Christmas came and went, and there was no sign of the girls. I was afraid maybe they were lost - or that someone decided they were so cute they had to keep the girls. Monday came and Justin called me - the girls were on the Pound website - ready for adoption! On the way home from work, I picked up electric fence line - a task that will take a couple days work to install.

So today, I went with Jerra and we rescued the girls from the Hoosegow where they spent Christmas and missed all the great leftovers. I was prepared to pay out the $90 fee for boarding.

The staff knew the girls, seems they broke out of their kennel at the Pound as well. Made me feel better because these folks keep pens for a living!! The lady at the counter was kind, and since we had a poster there, she didn't charge me for the boarding fee.
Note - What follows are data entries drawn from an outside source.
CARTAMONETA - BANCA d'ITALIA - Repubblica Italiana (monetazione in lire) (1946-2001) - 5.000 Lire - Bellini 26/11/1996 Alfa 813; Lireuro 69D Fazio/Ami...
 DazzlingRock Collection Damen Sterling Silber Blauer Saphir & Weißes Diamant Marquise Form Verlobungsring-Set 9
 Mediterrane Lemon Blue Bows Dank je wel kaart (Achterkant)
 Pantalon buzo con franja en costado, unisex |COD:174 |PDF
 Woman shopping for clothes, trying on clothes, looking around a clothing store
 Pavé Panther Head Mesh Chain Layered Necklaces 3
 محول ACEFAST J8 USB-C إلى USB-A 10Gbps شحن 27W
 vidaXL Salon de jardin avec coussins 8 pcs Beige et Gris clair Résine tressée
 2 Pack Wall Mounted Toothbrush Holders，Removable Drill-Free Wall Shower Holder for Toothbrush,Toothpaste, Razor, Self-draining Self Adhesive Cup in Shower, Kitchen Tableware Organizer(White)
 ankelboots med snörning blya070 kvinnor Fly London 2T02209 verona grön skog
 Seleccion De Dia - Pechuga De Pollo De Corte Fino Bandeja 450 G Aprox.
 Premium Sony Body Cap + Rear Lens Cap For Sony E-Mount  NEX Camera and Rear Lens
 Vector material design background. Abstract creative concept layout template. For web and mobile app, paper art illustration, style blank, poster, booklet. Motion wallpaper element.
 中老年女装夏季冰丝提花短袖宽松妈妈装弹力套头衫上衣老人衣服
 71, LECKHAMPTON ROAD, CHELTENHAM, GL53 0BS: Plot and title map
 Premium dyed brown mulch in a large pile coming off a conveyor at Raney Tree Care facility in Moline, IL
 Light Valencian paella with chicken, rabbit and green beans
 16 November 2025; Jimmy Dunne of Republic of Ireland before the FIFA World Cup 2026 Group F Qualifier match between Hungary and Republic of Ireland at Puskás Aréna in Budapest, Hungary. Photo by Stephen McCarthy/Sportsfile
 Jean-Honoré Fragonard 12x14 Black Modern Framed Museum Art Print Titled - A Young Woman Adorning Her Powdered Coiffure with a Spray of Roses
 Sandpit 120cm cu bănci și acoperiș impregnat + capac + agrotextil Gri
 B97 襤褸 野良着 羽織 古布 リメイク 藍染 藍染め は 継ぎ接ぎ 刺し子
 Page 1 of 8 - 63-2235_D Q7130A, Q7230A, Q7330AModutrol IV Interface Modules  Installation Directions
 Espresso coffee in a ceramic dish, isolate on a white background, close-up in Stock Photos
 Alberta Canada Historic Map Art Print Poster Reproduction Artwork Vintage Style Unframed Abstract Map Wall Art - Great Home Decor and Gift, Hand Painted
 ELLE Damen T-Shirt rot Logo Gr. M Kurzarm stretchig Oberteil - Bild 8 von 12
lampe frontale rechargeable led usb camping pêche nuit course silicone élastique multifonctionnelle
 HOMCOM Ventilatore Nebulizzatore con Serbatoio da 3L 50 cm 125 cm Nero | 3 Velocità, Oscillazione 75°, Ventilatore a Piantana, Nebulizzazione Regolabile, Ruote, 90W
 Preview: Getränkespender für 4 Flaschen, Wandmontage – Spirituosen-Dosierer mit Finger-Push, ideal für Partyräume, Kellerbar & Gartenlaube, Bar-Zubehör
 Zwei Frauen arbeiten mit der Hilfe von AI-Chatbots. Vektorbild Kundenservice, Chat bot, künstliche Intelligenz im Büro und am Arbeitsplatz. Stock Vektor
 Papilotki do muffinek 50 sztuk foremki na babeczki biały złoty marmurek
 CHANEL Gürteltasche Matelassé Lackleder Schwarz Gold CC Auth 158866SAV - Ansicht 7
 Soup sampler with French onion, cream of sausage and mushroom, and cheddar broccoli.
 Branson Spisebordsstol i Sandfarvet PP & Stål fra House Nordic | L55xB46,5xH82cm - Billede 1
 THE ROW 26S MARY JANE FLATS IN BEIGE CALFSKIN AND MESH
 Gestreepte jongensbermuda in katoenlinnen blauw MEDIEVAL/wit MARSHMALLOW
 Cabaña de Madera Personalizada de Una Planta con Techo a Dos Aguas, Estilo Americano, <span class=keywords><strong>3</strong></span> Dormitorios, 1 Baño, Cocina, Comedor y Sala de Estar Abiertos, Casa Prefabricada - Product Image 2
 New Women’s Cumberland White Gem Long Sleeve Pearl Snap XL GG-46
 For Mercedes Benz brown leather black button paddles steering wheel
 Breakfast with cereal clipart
Now they are back at home - safe and sound - and tonight I'll have the fence finished and they can have the run of the yard once again.

Sunday, December 26, 2004

adoption

What is it about belonging to someone that is so important? I have this early memory, whether real or imagined, of laying on my belly on my mother's lap. I was facing the middle of the bench seat in a car with turquoise carpet and seats. I remember looking at the carpet area and I remember vividly the exact shade of that carpet and the feeling that I was hot.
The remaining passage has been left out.